1898: The Spanish-American War
Puerto Rico was a Spanish colony for nearly 400 years — from Columbus's arrival in 1493 to 1897, when Spain granted the island an Autonomous Charter giving it a degree of self-governance. That autonomy lasted less than a year. In April 1898, the United States declared war on Spain following the sinking of the USS Maine in Havana harbour. The war lasted 10 weeks. In its aftermath, under the Treaty of Paris (1898), Spain ceded Puerto Rico, Guam, and the Philippines to the United States, and sold Cuba's independence to American influence. Puerto Rico passed from one colonial power to another without a single vote by its people.
1917: US Citizenship — With Conditions
The Jones-Shafroth Act of 1917 granted US citizenship to Puerto Ricans. The timing was not coincidental: the US was about to enter World War I and needed eligible soldiers. Puerto Ricans gained the right to serve in the US military — and many did, in every American conflict from WWI to the present — but without all the rights of mainland US citizens.
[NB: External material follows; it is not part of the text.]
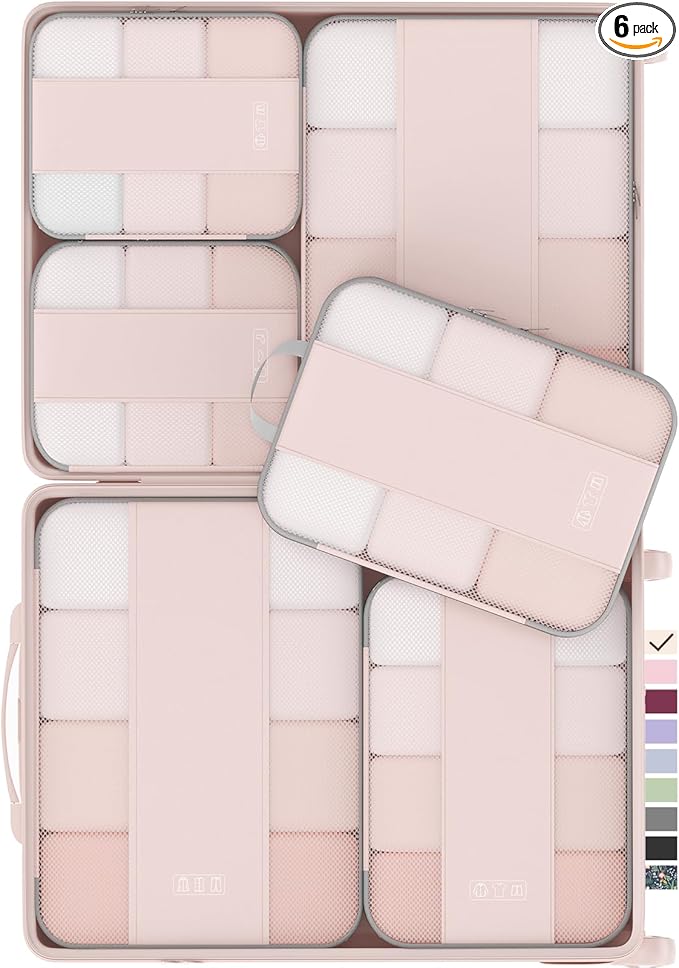 OlarHike 6 Set Compression Packing Cubes for Travel Essentials,Compressible Expandable Space Saver Bags for Organizing Clothes,Luggage Suitcase Garment Bags with Over 1000 pcs Mesh Holes(Beige) by OlarHike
They could be drafted but could not vote for President while residing in Puerto Rico. They could not vote for voting members of Congress. They paid some federal taxes but not federal income tax if they lived on the island.
Commonwealth Status: 1952
In 1952, Puerto Rico adopted its own constitution and became an Estado Libre Asociado — translating as "Free Associated State," rendered in English as "Commonwealth." This arrangement gave Puerto Rico significant local self-governance (its own governor, legislature, courts) while maintaining its territorial relationship with the United States. It was a political compromise that satisfied almost no one completely: insufficient independence for those who wanted sovereignty, insufficient integration for those seeking statehood.
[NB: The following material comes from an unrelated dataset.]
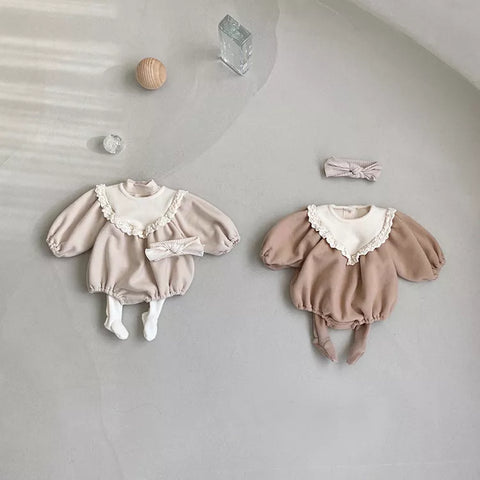 Baby Girl Bubble V Bib Bodysuit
The Ongoing Status Question
Puerto Rico's political status remains the defining domestic issue of its politics. Three main camps exist:
- Statehood: Advocates argue that Puerto Ricans, as US citizens who serve in the military and contribute to the federal economy, deserve equal political representation. Statehood referendums held in 2012, 2017, and 2020 all produced pro-statehood majorities but Congress has not acted.
- Independence: A vocal but consistently minority position — roughly 5–8% in referendums — that argues Puerto Rico should be a fully sovereign nation, complete with its own foreign policy, currency, and international relationships.
- Enhanced Commonwealth: Those who prefer the current status with improvements — greater autonomy, enhanced local powers — without the full integration of statehood or the break of independence.
For visitors, understanding this history enriches every interaction with the island. The Puerto Rican identity is shaped by this complex position: US citizens who are not fully included, inheritors of a Spanish colonial past, and bearers of an African and Taíno Indigenous heritage that predates both. The result is a culture of extraordinary depth and specificity.